Today I’m blogging from sunny Kamloops from my colleague Peter Jensen’s office. Clients are coming soon so I have to keep this short.
The Supreme Court of BC has an unlimited monetary jurisdiction whereas BC small claims court currently has a jurisdiction of $25,000 or less. When suing for damages as a result of a BC car accident you have to decide which court you will sue in.
When involved in an ICBC tort claim in the BC Supreme Court the winner can be awarded Costs, whereas in Small Claims Court the winner can only be awarded disbursements as opposed to Tariff Costs.
When you bring an ICBC claim in Supreme Court and are awarded less than $25,000 can you still be awarded your court tariff Costs? The answer is sometimes.
Rule 57(10) of the BC Supreme Court rules states that
A plaintiff who recovers a sum within the jurisdiction of the Provincial Court under the Small Claims Act is not entitled to costs, other than disbursements, unless the court finds that there was sufficient reason for bringing the proceeding in the Supreme Court and so orders.
The question then is, did you have a good reason to sue in Supreme Court when you started the lawsuit?

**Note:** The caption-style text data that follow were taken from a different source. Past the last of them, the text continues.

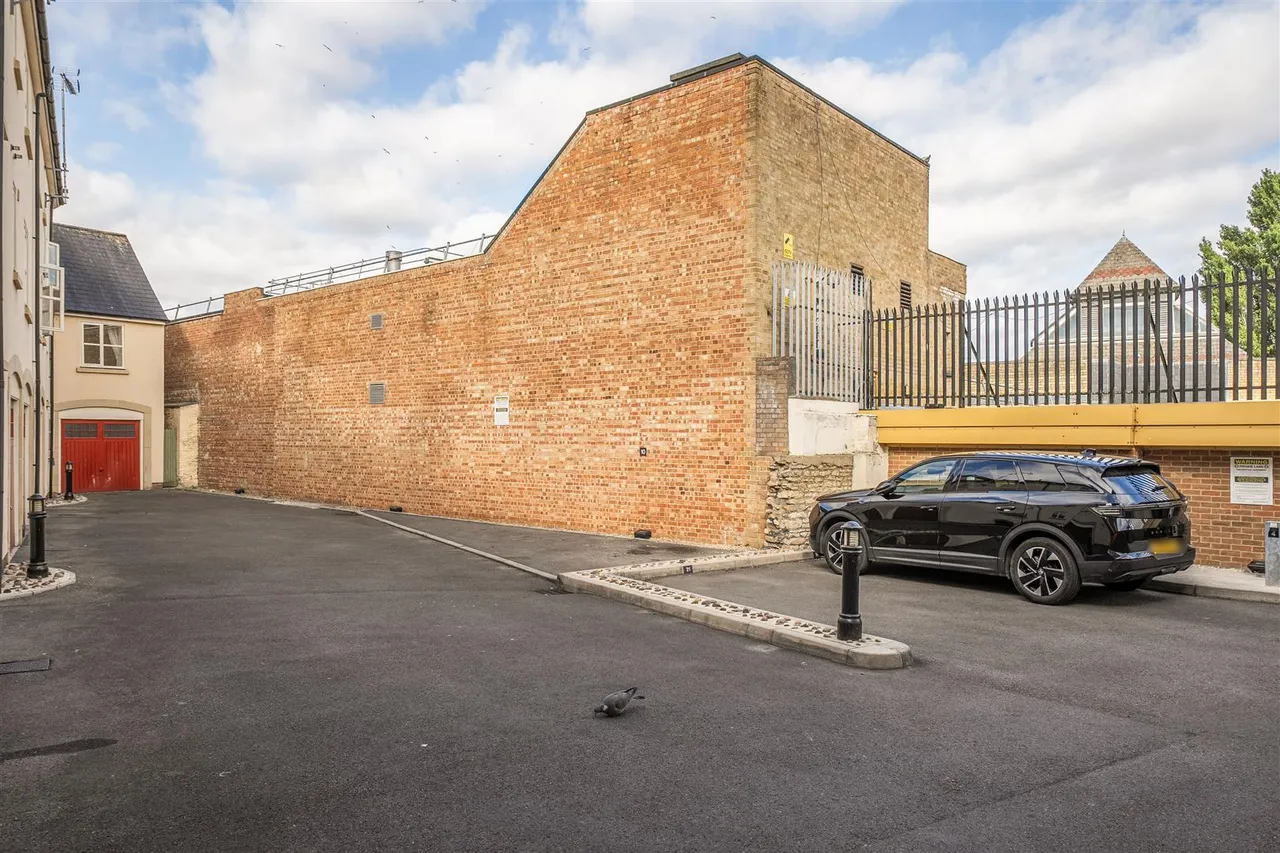 Chapel Mews, Chippenham, SN15, photo 21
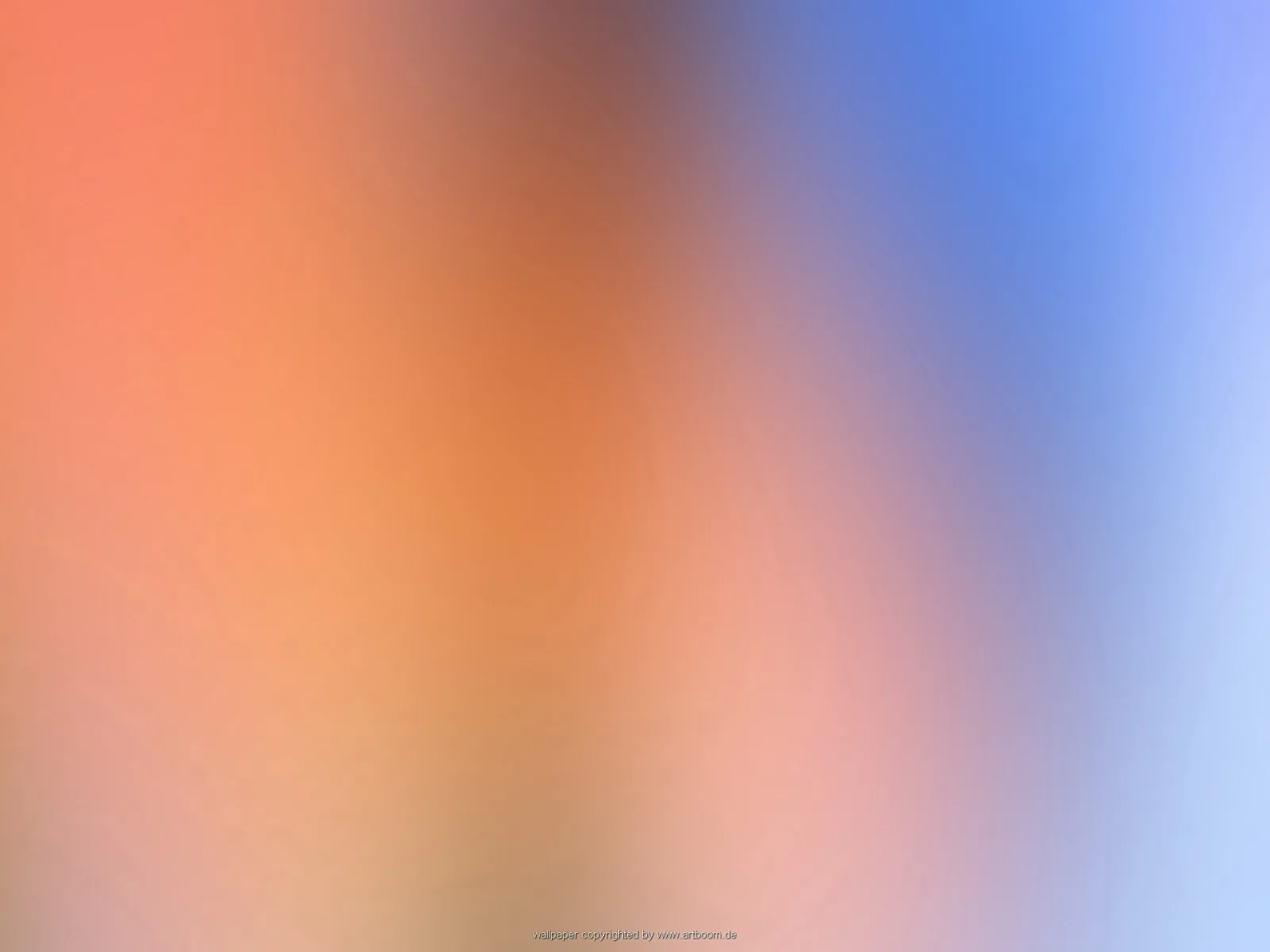 Unscharfe Farbverläufe: links Orange und Korallrot, rechts Blau, in der Mitte ein bräunlicher Übergang.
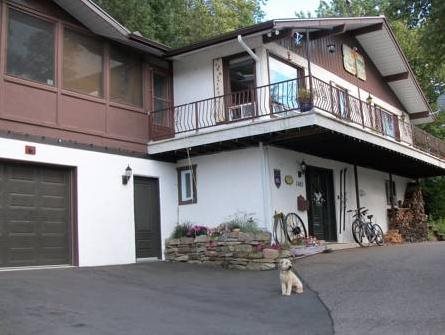 Au Beau Soleil Bed & Breakfast — 4-Star Luxury Hotel in Mont-Tremblant, Canada
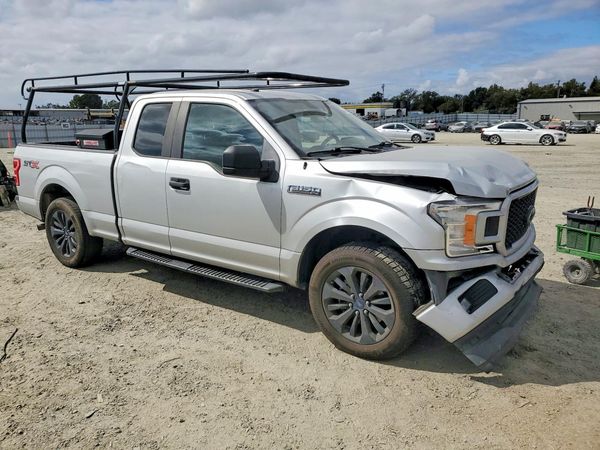 2018 FORD F150 — Passenger 3/4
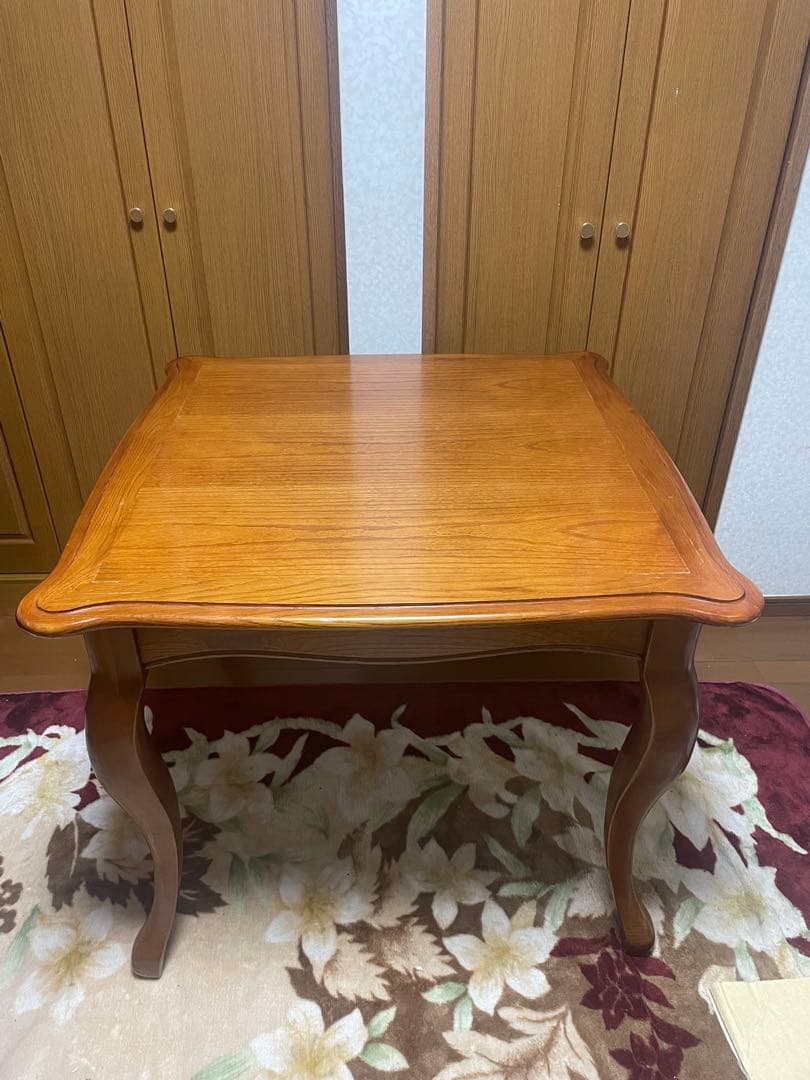 アンティーク　猫足　ダイニングテーブル　クラシック木製正方形テーブル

Reasons for judgement were released today awarding a Plaintiff Costs even though the ultimate award was below $25,000. At Paragraphs 7-10, the trial judge (Madam Justice Humphries) explained why in this case the Plaintiff had ‘sufficient reason’ to bring the suit is Supreme Court holding that:
 The relevant time at which the value of (the Plaintiff’s) claim should be assessed, then, is when the action was commenced. At that time, (the Plaintiff) still had some residual effects from the accident and was missing the occasional day of work. I found this evidence credible, and noted that she still had occasional flare-ups, with decreasing frequency. Her voluntary retirement worked to the benefit of the defendant in that any potential ongoing wage loss from these flare-ups would not be claimed against him. (the Plaintiff) was careful to ensure that only those days attributable to the effects of the accident were claimed for. She asserted a claim for loss of earning capacity, but decided not to pursue it by the time of trial. Although such an award would not have been large, if any at all were established, it is difficult to say, in hindsight, that the entire claim would obviously have come under the Small Claims limit of $25,000 at the time the action was commenced. Plaintiff’s counsel subsequently came to assess the claim with the advantage of all the information available by the time of trial and to put forward a realistic and sustainable range of damages in his final submissions, but that is not, according to Reimann, relevant to the present issue.
 In Faedo v. Dowell and Wachter, M064051 (October 19, 2007) Vancouver, Curtis J. held that in a situation where the defendant put the plaintiff to the proof of having suffered any injury at all, thus making her credibility a crucial issue at trial, it was reasonable for the plaintiff to require the assistance of counsel. She was therefore justified in commencing the action in Supreme Court where she could hope to recover some of the costs it was necessary for her to expend in retaining counsel to recover the compensation to which she was found to be entitled. This reasoning has application here as well.
 In the result, the plaintiff has advanced sufficient reason for having commenced her action in this court and is entitled to her costs pursuant to Rule 66.
This is a good judgement for Plaintiffs bringing ICBC claims, particularly those involved in Low Velocity Impacts (LVI’s) where ICBC denies that injury occurred. It recognizes the fact that ICBC often tells people that they aren’t injured at all and this brings their credibility into play. Here the court realized that in such circumstances it is appropriate to hire a personal injury lawyer and try to offset some of these costs by suing in Supreme Court even though the Small Claims Court has sufficient monetary jursidiction to deal with the tort claim.